Chapter 6. PCA Transformations

Source transformations applied by PCA convert ordinary C code into explicit concurrent syntax. This chapter describes some of the rules and conditions that must be met for a loop to be successfully optimized. This chapter also describes the possible transformations in this process:

Loop Concurrentization

The following subs discuss how PCA treats reductions and local variables when it converts the loop to run concurrently (in parallel).

PCA searches the submitted code for for loops that are safe to run in parallel and inserts a directive before eligible loops. The simplest cases occur when the statements of the loop have no loop-carried dependence. For example:

int a[], b[], c[], d[], n;
void example_7_1 ()
{
    int i;
    for (i=0; i<n; i++) {
        a[i] = b[i] + c[i];
        if (d[i])
            a[i] = a[i] / d[i];
    }
}
becomes:
int a[];
int b[];
int c[];
int d[];
int n;
void example_7_1(  )
{
    int i;
#pragma parallel if(n > 84) byvalue(n) shared(a, b, c, d) local(i)
#pragma pfor iterate(i=0;n;1)
    for ( i = 0; i<n; i++ ) {
        a[i] = b[i] + c[i];
        if (d[i]) {
            a[i] /=  d[i];
            }
    }
}

Reductions

Loops that involve reductions can run in parallel only if you synchronize access to the reduced value. For example, if a reduction performed some calculation on the elements of an array and then summed the results, you need to synchronize access to the sum. Only one thread of execution at a time should access the sum. This type of synchronization is perhaps the most common. The following example illustrates how PCA typically transforms a sum reduction to run in parallel. You must set –roundoff=3 to enable sum reductions. For example:

int b[], c[], n, sum;
void example_7_1_1 ()
{
    int i;
    for (i=0; i<n; i++) {
        sum += b[i] + c[i];
    }
}
becomes:
int b[];
int c[];
int n;
int sum;
void example_7_1_1(  )
{
    int i;
    int sum1;
#pragma parallel if(n > 126) byvalue(n) shared(c, b, sum) local(i) reduction(sum1)
    {
        sum1 = 0;
#pragma pfor iterate(i=0;n;1)
        for ( i = 0; i<n; i++ ) {
            sum1 +=  b[i] + c[i];
        }
#pragma critical
        {
            sum +=  sum1;
        }
    }
}

To produce the sum, PCA produces a local partial sum (sum1) for each thread of execution and then sums these partial sums in a controlled manner.

Local Variables

To generate concurrent code for a loop, PCA sometimes needs to use temporary variables.

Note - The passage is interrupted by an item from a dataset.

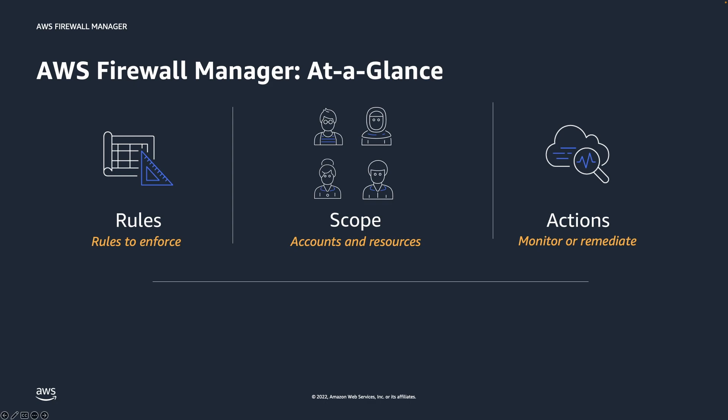To apply protection automatically, you can choose the option to auto-remediate any non-compliant resources at policy level. On the other hand, if you want to simply get visibility into non-compliant resources, you can choose the option to identify those resources that do not comply with your policy. This way, the policy will not auto-remediate on your behalf.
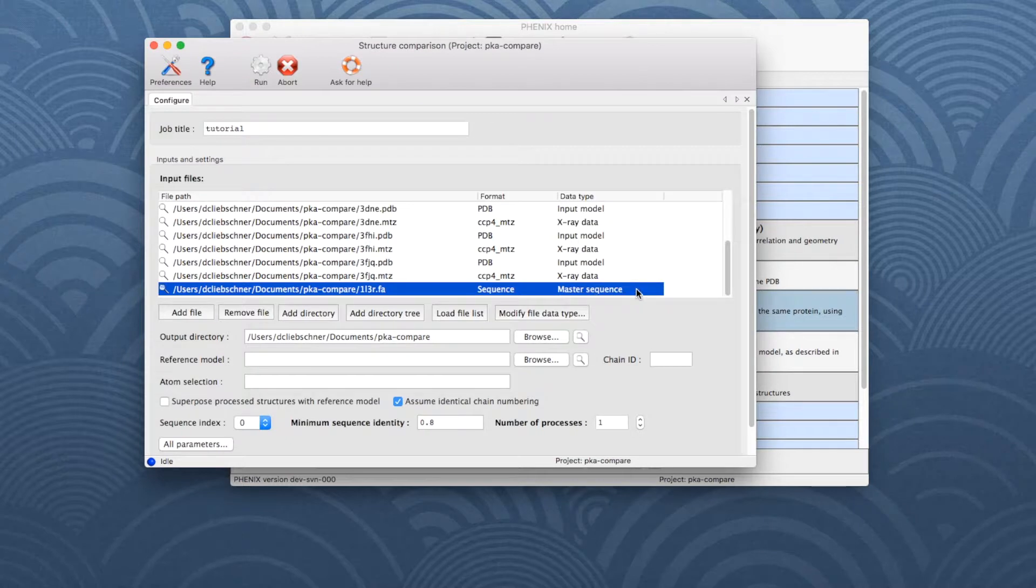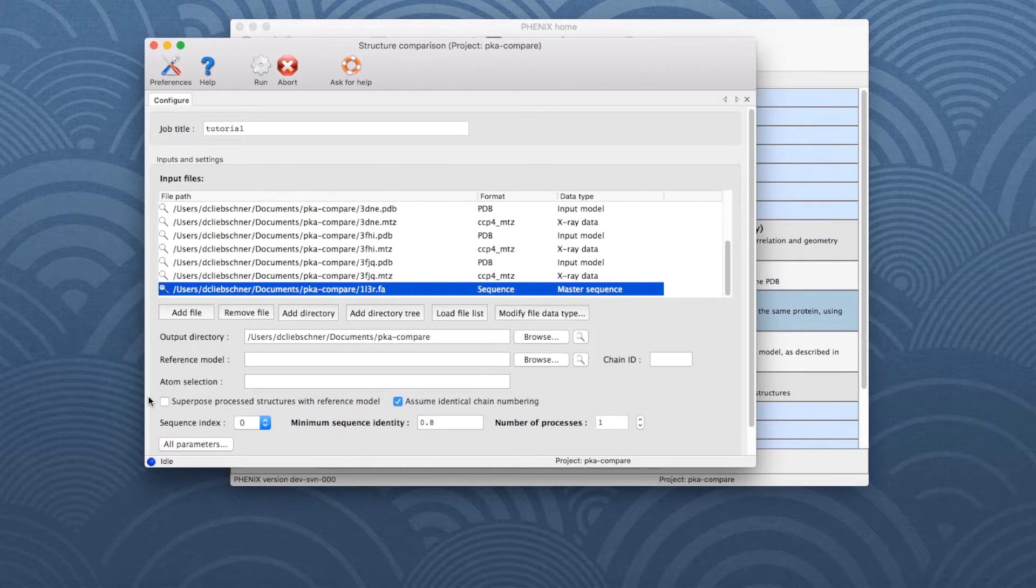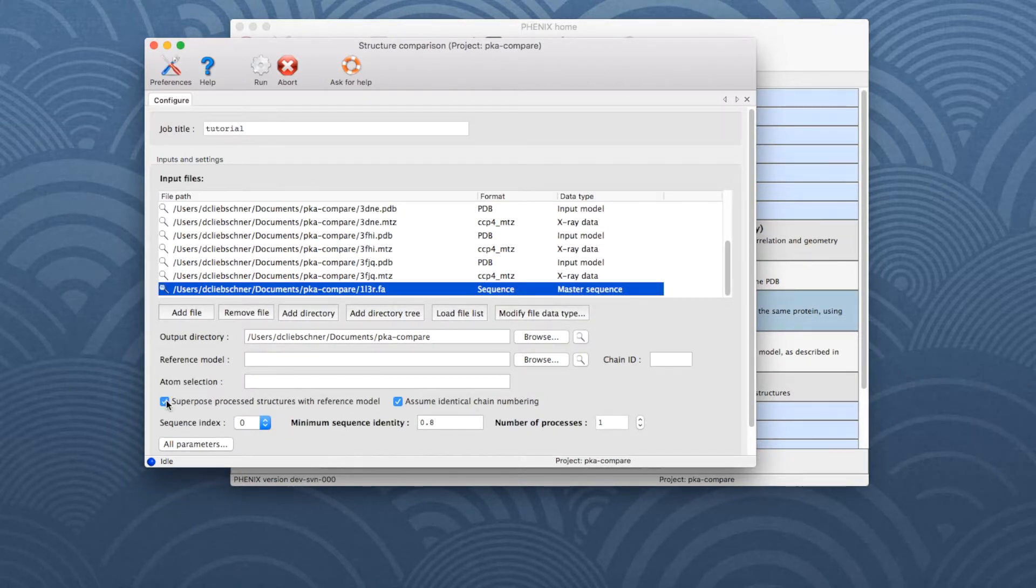An important choice is whether to superpose the structures onto the reference. If this option is enabled, all similar chains and their density maps are superposed onto the reference. The results of the comparison are the same, but the graphics window will show all chains superposed. Let's activate the superposition for this example and then click Run to start the program.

Each independent thread of execution needs its own set of temporary variables. PCA allocates local variables (temporaries) to the separate threads of execution by putting variable names in the local clause of the #pragma parallel that starts the parallel region. For example:

int a[], b[], c[], d[], n;
void example_7_1_2 ()
{
    int i, t;
    for (i=0; i<n; i++) {
        t = a[i] + b[i];
        c[i] = t * 2.335;
        d[i] = t * 3.221;
    }
}
becomes:
int a[], b[], c[], d[], n;
void example_7_1_2(  )
{
    int i;
    int t;
    int _Kii1;
    _Kii1 = (n)%(4);
    for ( i = 0; i<_Kii1; i++ ) {
        t = a[i] + b[i];
        c[i] = t * 2.335;
        d[i] = t * 3.221;
    }
#pragma parallel if(n>38) byvalue(_Kii1,n) shared(a,b,c,d) local(t,i)
#pragma pfor iterate(i=_Kii1;(n-_Kii1+3)/4;4)
    for ( i = _Kii1; i<n; i+=4 ) {
        t = a[i] + b[i];
        c[i] = t * 2.335;
        d[i] = t * 3.221;
        t = a[i+1] + b[i+1];
        c[i+1] = t * 2.335;
        d[i+1] = t * 3.221;
        t = a[i+2] + b[i+2];
        c[i+2] = t * 2.335;
        d[i+2] = t * 3.221;
        t = a[i+3] + b[i+3];
        c[i+3] = t * 2.335;
        d[i+3] = t * 3.221;
    }
}

Loop Reordering

Sometimes, PCA cannot convert an outer for loop to execute concurrently, but it can convert an inner loop. In these cases, PCA attempts to interchange the loops in the for nest, which increases the amount of work that each thread of execution does and improves the efficiency of the code. For example:

int a[][1000], b[][1000], n;
void example_7_2 ()
{
    int i, j;
    for (j=0; j<n; j++)
        for (i=0; i<n; i++)
            a[j][i] = a[j-1][i] + b[j][i];
}
becomes:
int a[][1000];
int b[][1000];
int n;
void example_7_2(  )
{
    int i;
    int j;
    int _Kii1;
#pragma parallel byvalue(n) shared(a, b) local(_Kii1, i, j)
#pragma pfor iterate(i=0;n;1)
    for ( i = 0; i<n; i++ ) {
        _Kii1 = (n)%(4);
        for ( j = 0; j<_Kii1; j++ ) {
            a[j][i] = a[j-1][i] + b[j][i];
        }
        for ( j = _Kii1; j<n; j+=4 ) {
            a[j][i] = a[j-1][i] + b[j][i];
            a[j+1][i] = a[j][i] + b[j+1][i];
            a[j+2][i] = a[j+1][i] + b[j+2][i];
            a[j+3][i] = a[j+2][i] + b[j+3][i];
        }
    }
 }

Scalar Optimizations

PCA uses the following standard optimizations to enhance performance of the concurrent code it generates.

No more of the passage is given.